Una siffatta operazione interpretativa di giudizi di valore, onde evitare che venga pregiudicata la fondamentale esigenza di determinatezza in campo penale, postula che la considerazione abbinata delle vicende tipiche sia resa oggettivamente evidente e detta risultanza non può che essere individuata nella maggiore significatività della sanzione inflitta per il reato consumante o assorbente; quando invece sia più grave la pena sancita per quello che andrebbe assorbito, la consunzione va negata, dovendosi ravvisare un intento di consentire, attraverso una effettivo autonomo apprezzamento del disvalore delle ipotesi criminose, il regime del concorso dei reati. Invero, l'avere sottoposto a più benevolo trattamento il fatto/reato che potrebbe per la sua struttura essere assorbente, sta a dimostrare che della fattispecie eventualmente assorbibile non si è tenuto conto: pertanto la norma che la punisce è applicabile in concorso con l'altra, senza incorrere in duplicità di addebito.



474 cp
Introduzione nello Stato e commercio di prodotti con segni falsi (1).

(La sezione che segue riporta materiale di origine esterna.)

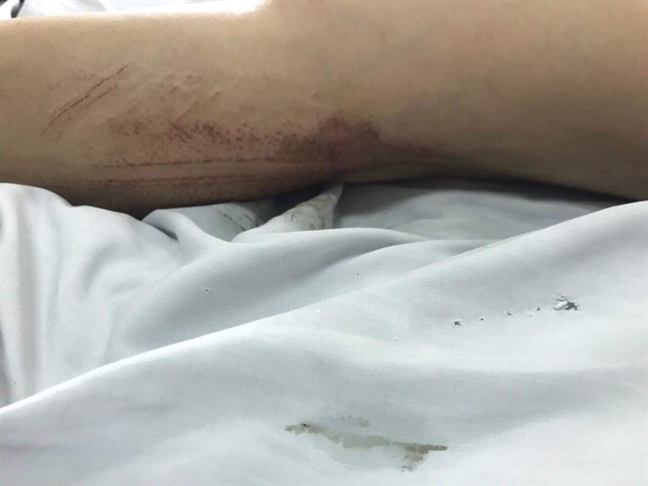 Nghi vấn người phụ nữ bị chồng cũ đánh đập, dùng ô tô đâm ép vào tường Nghi van nguoi phu nu bi chong cu danh dap, dung o to dam ep vao tuong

[I]. Fuori dei casi di concorso nei reati previsti dall'articolo 473, chiunque introduce nel territorio dello Stato, al fine di trarne profitto, prodotti industriali con marchi o altri segni distintivi, nazionali o esteri, contraffatti o alterati è punito con la reclusione da uno a quattro anni e con la multa da euro 3.500 a euro 35.000.
[II]. Fuori dei casi di concorso nella contraffazione, alterazione, introduzione nel territorio dello Stato, chiunque detiene per la vendita, pone in vendita o mette altrimenti in circolazione, al fine di trarne profitto, i prodotti di cui al primo comma è punito con la reclusione fino a due anni e con la multa fino a euro 20.000.
[III]. I delitti previsti dai commi primo e secondo sono punibili a condizione che siano state osservate le norme delle leggi interne, dei regolamenti comunitari e delle convenzioni internazionali sulla tutela della proprietà intellettuale o industriale


648 cp
Ricettazione (1).

[I]. Fuori dei casi di concorso nel reato [110], chi, al fine di procurare a sé o ad altri un profitto, acquista, riceve od occulta denaro o cose provenienti da un qualsiasi delitto, o comunque si intromette nel farle acquistare, ricevere od occultare, è punito con la reclusione da due ad otto anni e con la multa da 516 euro a 10.329 euro [379, 648-ter, 649, 709, 712] (2).
[II]. La pena è della reclusione sino a sei anni e della multa sino a 516 euro, se il fatto è di particolare tenuità [62n. 4, 133].
[III]. Le disposizioni di questo articolo si applicano anche quando [648-bis] l'autore del delitto, da cui il denaro o le cose provengono, non è imputabile [85] o non è punibile [46, 379, 649] ovvero quando manchi una condizione di procedibilità [336-346 c.p.p.] riferita a tale delitto (3).